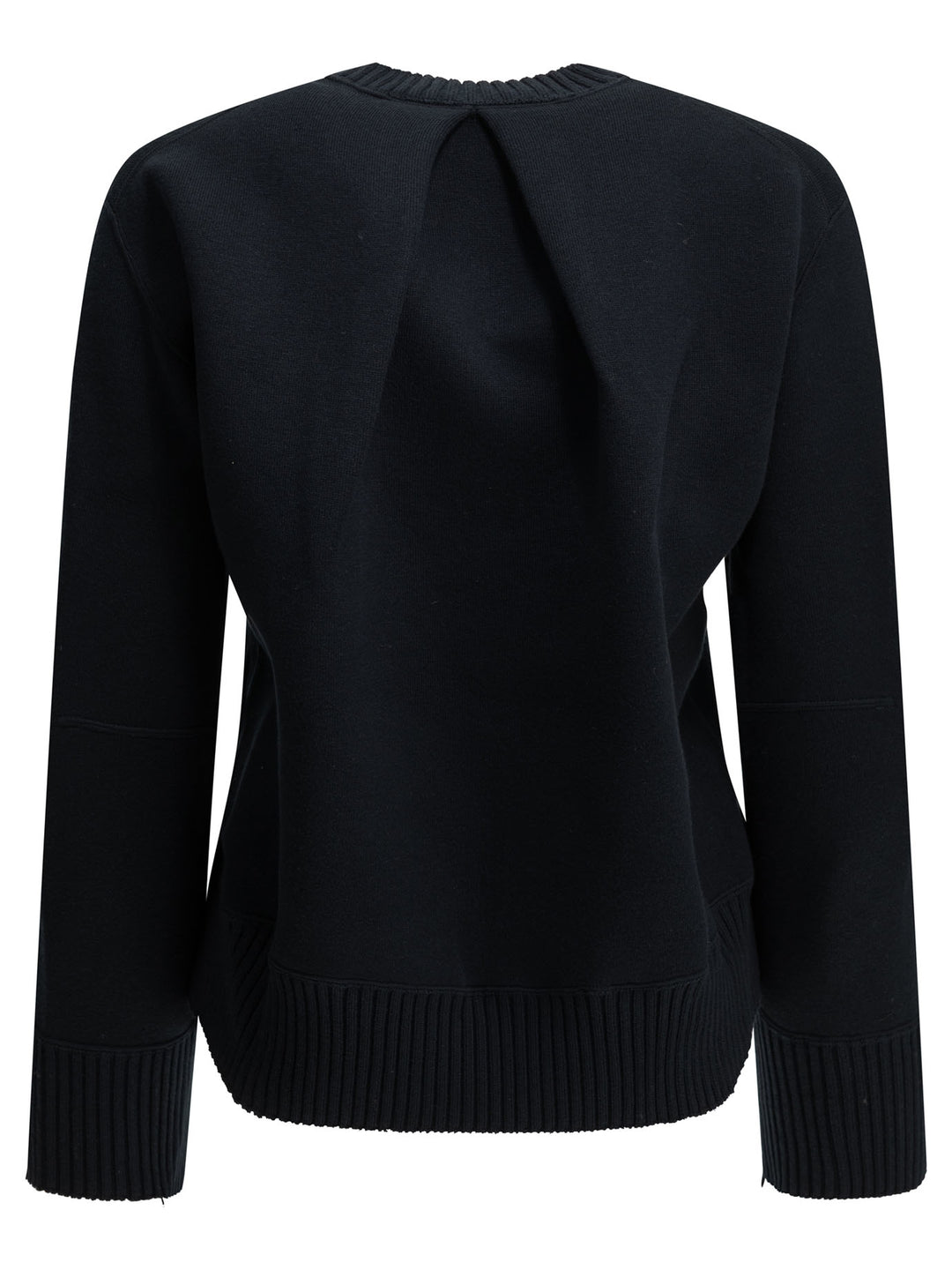 Sacai Crew-Neck Sweater Made Of A Cotton-Cashmere Blend Knitwear - Blue | a686e54270615a1b0c8e55b8aff6f5de9dee027c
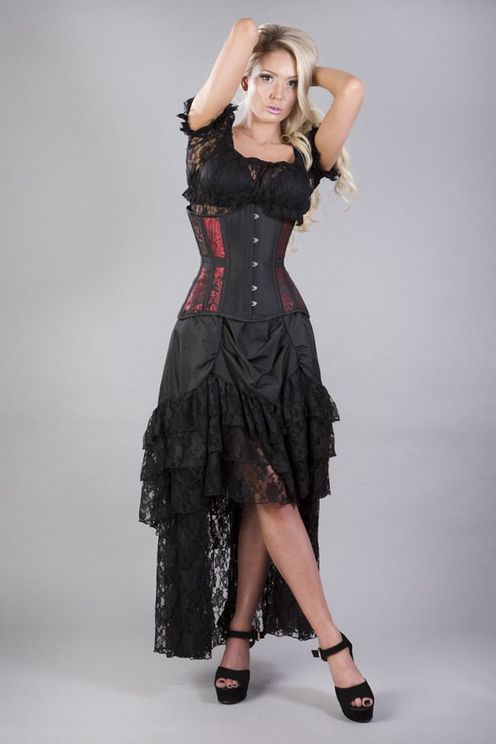 Morgana Onderborst corset Burgundy Taffeta - Babashope - 5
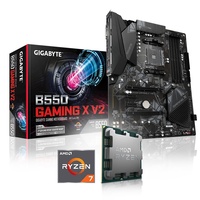 Memory PC Aufrüst-Kit Bundle AMD Ryzen 7 5700G 8X 3.8 GHz Prozessor, Gigabyte B550 Gaming X V2 Mainboard (Komplett fertig zusammengebaut inkl. Bios Update und Funktionskontrolle)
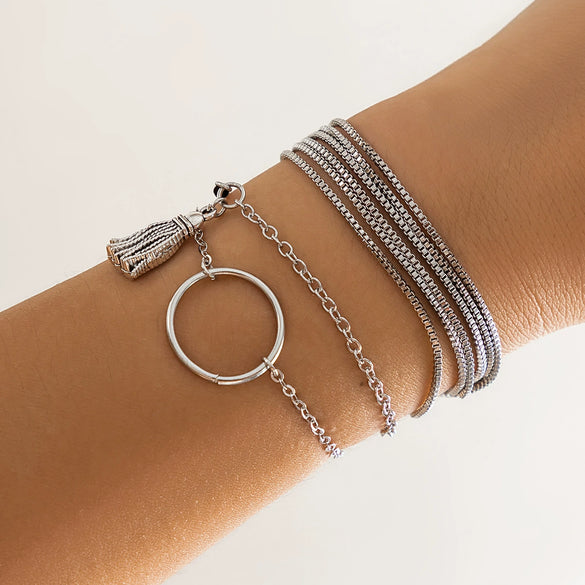 Jewelry Punk Style Hip Hop Multi Layer Bracelet And Geometric Ring Alloy Electroplating For Women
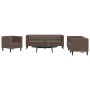 Juego de sofás Chesterfield 3 piezas cuero sintético marrón de , Sofás - Ref: Foro24-3209269, Precio: 699,85 €, Descuento: %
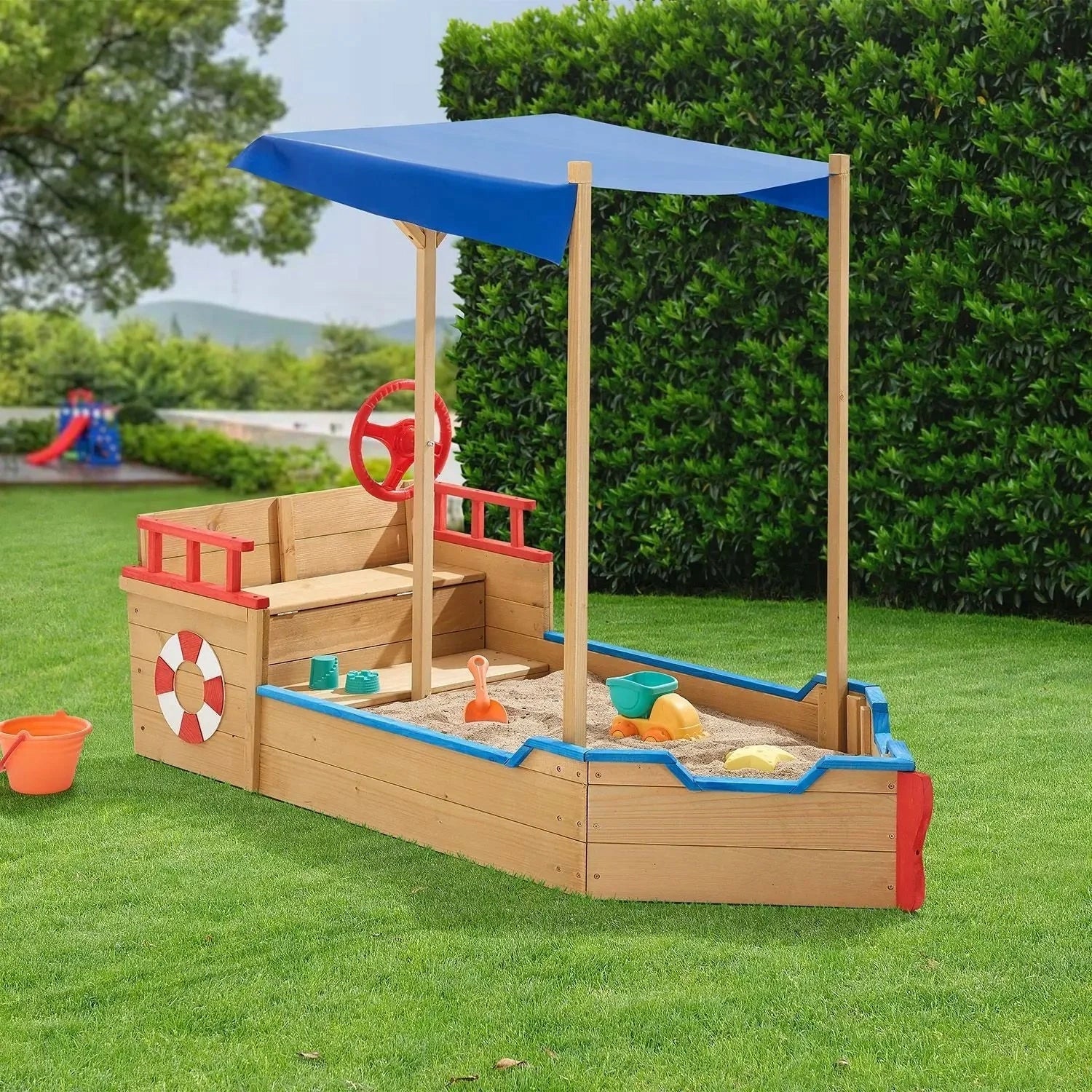 SANDBOX GARDEN PIRATE SHIP WITH CANOPY BENCH LARGE FOR CHILDREN Manufacturer code 51181
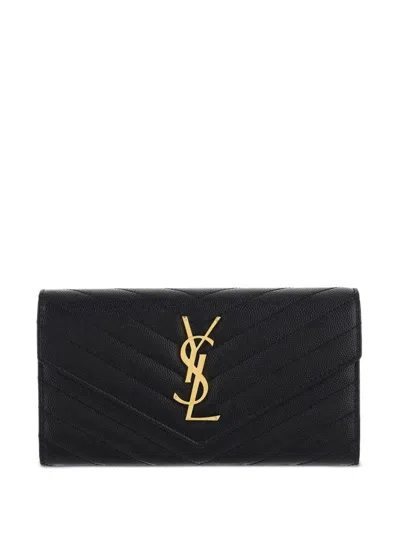 Saint Laurent Cassandre Large Flap Wallet In Quilted Grain De Poudre L In Black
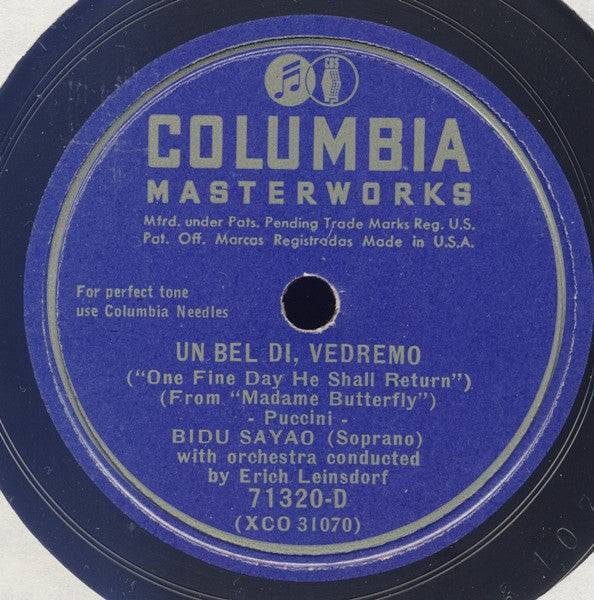 Bidú Sayão, Giacomo Puccini, Erich Leinsdorf : Mi Chiamano Mimi = My Name Is Mimi / Un Bel Di, Vedremo = One Fine Day He Shall Return (Shellac, 12", RP)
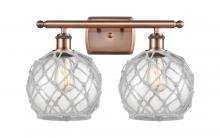  516-2W-AC-G122-8RW - Farmhouse Rope - 2 Light - 18 inch - Antique Copper - Bath Vanity Light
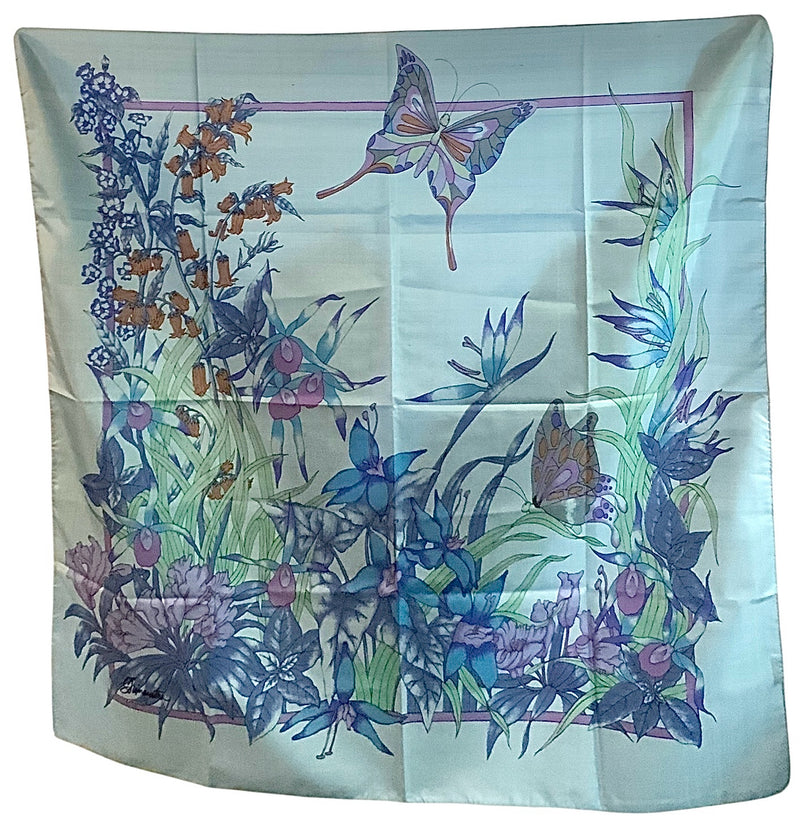SHINAWATRA Blue Purple Multi Floral Thai Silk Scarf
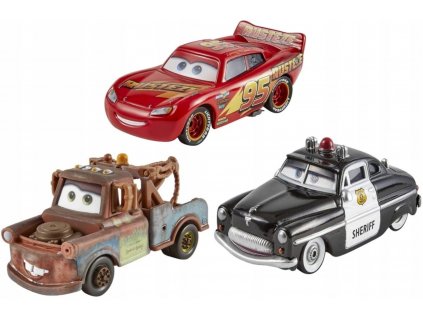 CARS CARS Mater, šerif, blesk. Súprava Mattel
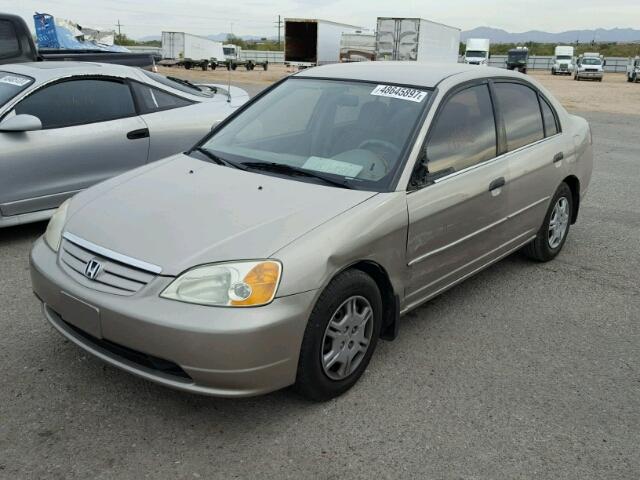 1HGES15501L045872 - 2001 HONDA CIVIC LX GOLD photo 2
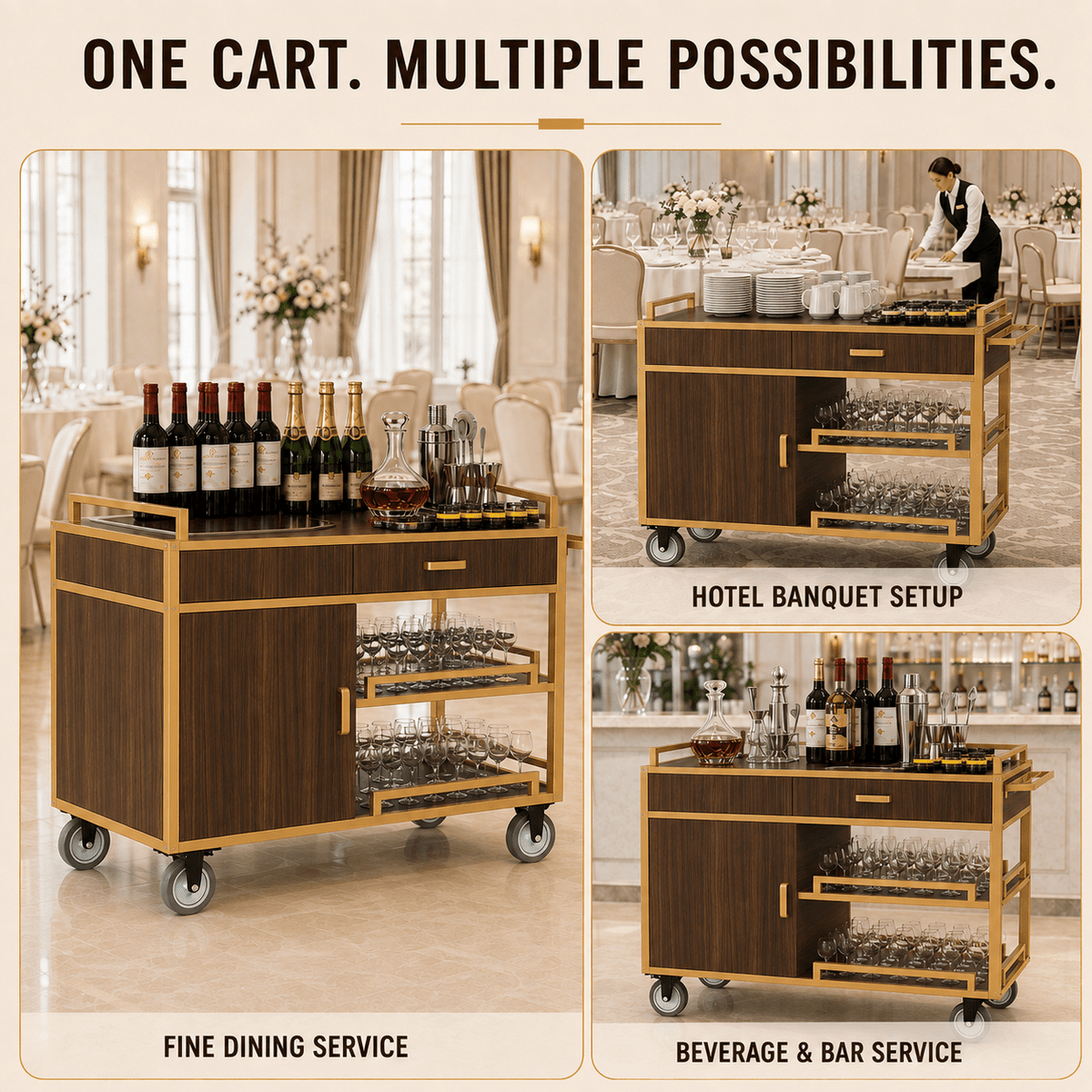 Commercial Beverage Service Cart – Wooden Multi-Tier Trolley with Enclosed Storage & Smooth-Rolling Wheels for Restaurant, Hotel & Banquet - CrazyAnt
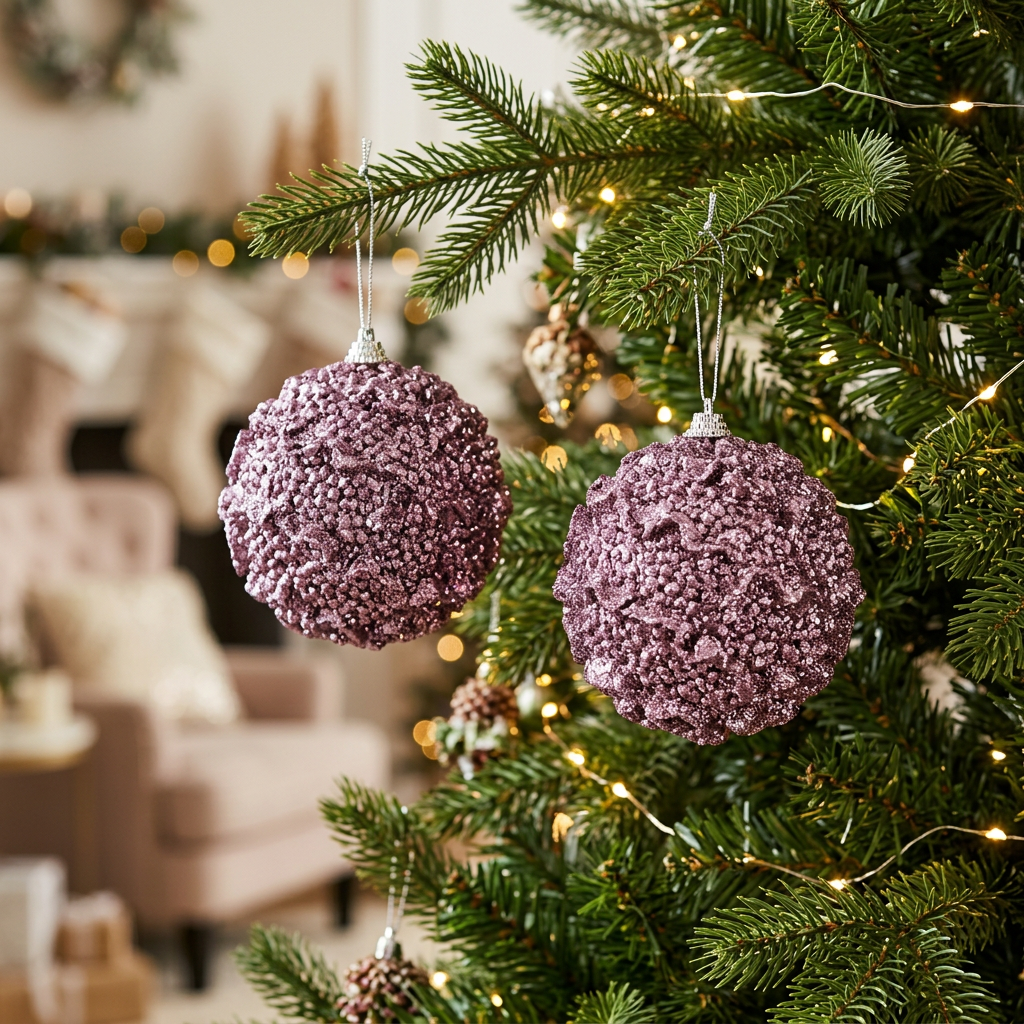 Plastic Christmas Hanging Balls 2-Piece Set Mauve purple - 10cm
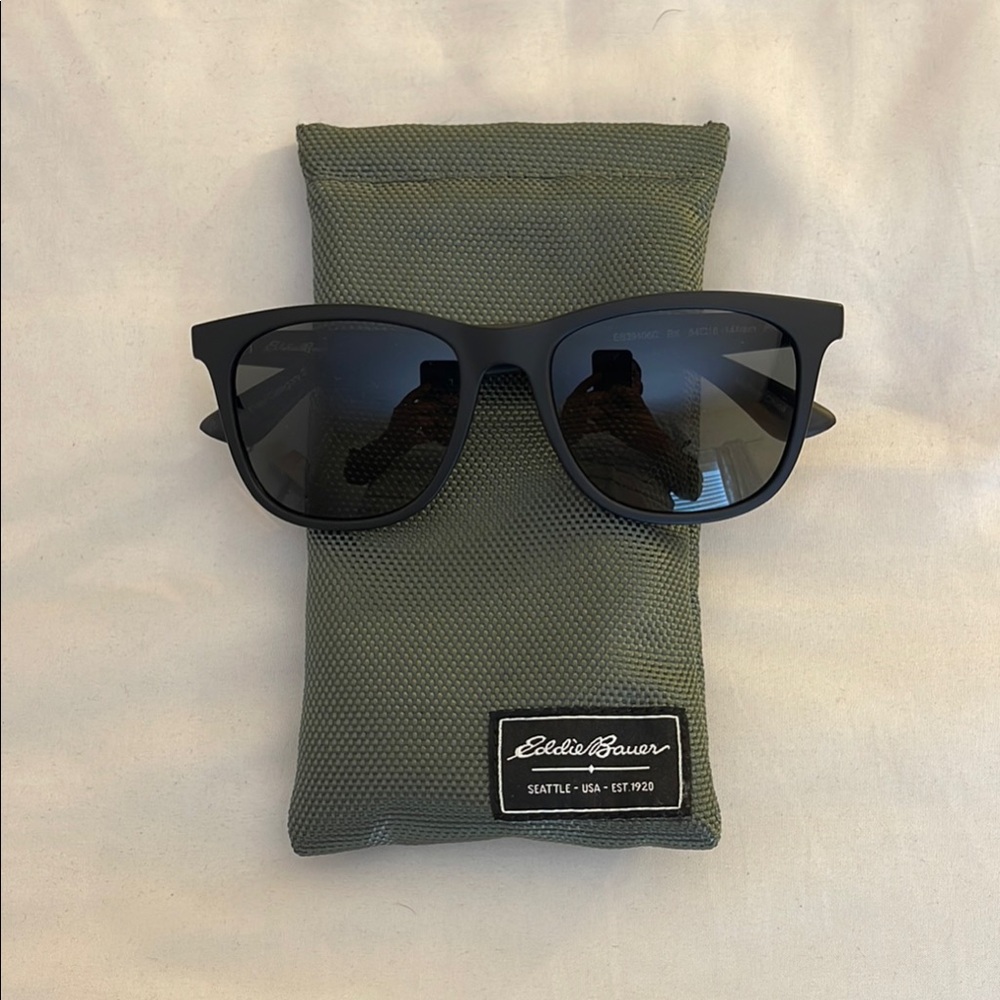 Eddie Bauer Black Sunglasses with Green Case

• • • • • • •

- **Required action**: Look above for the line with "Jewelry Punk Style" and the line with "Bidú Sayão, Giacomo", then restate exactly those two lines and all lines between them, with no pictures.

- **Written answer**:
 Jewelry Punk Style Hip Hop Multi Layer Bracelet And Geometric Ring Alloy Electroplating For Women
 Juego de sofás Chesterfield 3 piezas cuero sintético marrón de , Sofás - Ref: Foro24-3209269, Precio: 699,85 €, Descuento: %
 SANDBOX GARDEN PIRATE SHIP WITH CANOPY BENCH LARGE FOR CHILDREN Manufacturer code 51181
 Saint Laurent Cassandre Large Flap Wallet In Quilted Grain De Poudre L In Black
 Bidú Sayão, Giacomo Puccini, Erich Leinsdorf : Mi Chiamano Mimi = My Name Is Mimi / Un Bel Di, Vedremo = One Fine Day He Shall Return (Shellac, 12", RP)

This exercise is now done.